*EXERCISE OBJECTIVE*
Whatever pictures appear, omit them, and repeat the data below exactly.

== SOURCE MATERIAL

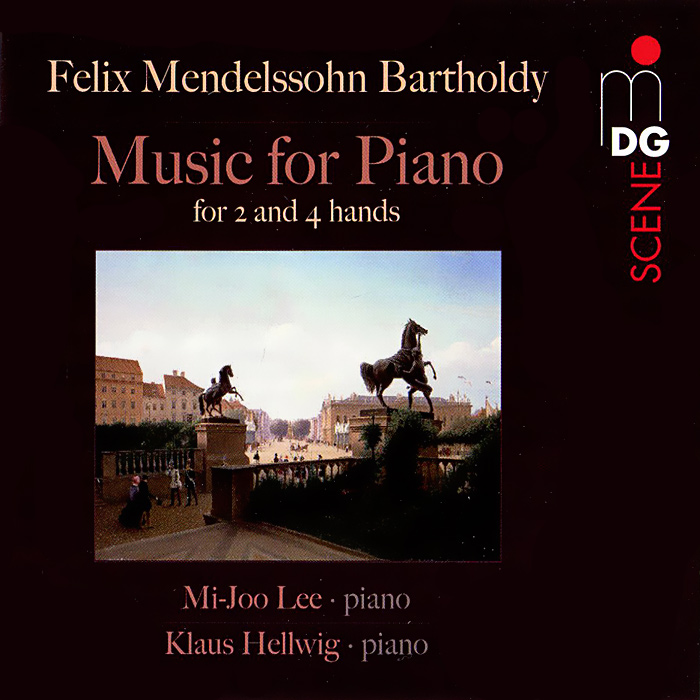 Mendelssohn. Piano Works For 2 And 4 Hands (SACD)
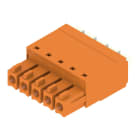 WEIDMULLER - Connettore Femmina 3.81mm BCF 3.81/05/180 SN OR BX.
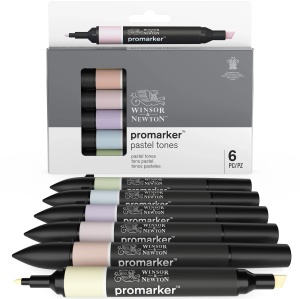Promarker Pastel Tones set 6pcs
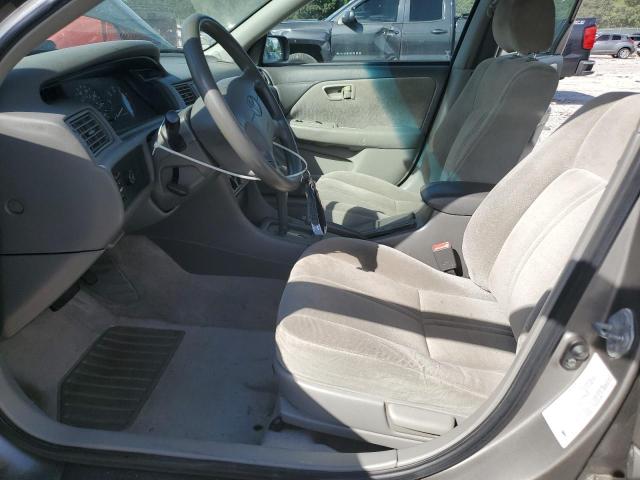 4T1BG22K21U060057 - 2001 TOYOTA CAMRY CE GOLD photo 7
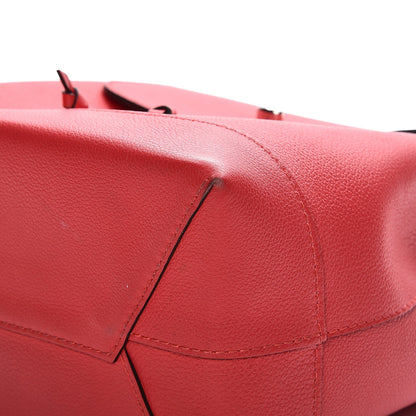 Louis Vuitton Soft Calfskin Lockme Backpack Rubis 11 of 16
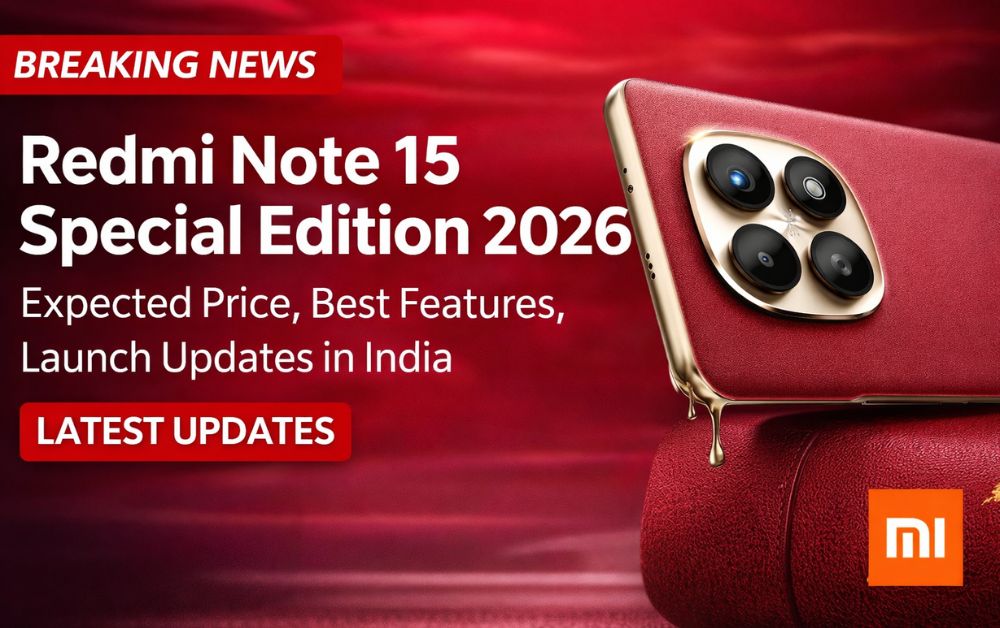 Redmi Note 15 Special Edition 2026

====

*RESPONSE BELOW*
 Mendelssohn. Piano Works For 2 And 4 Hands (SACD)
 WEIDMULLER - Connettore Femmina 3.81mm BCF 3.81/05/180 SN OR BX.
Promarker Pastel Tones set 6pcs
 4T1BG22K21U060057 - 2001 TOYOTA CAMRY CE GOLD photo 7
 Louis Vuitton Soft Calfskin Lockme Backpack Rubis 11 of 16
 Redmi Note 15 Special Edition 2026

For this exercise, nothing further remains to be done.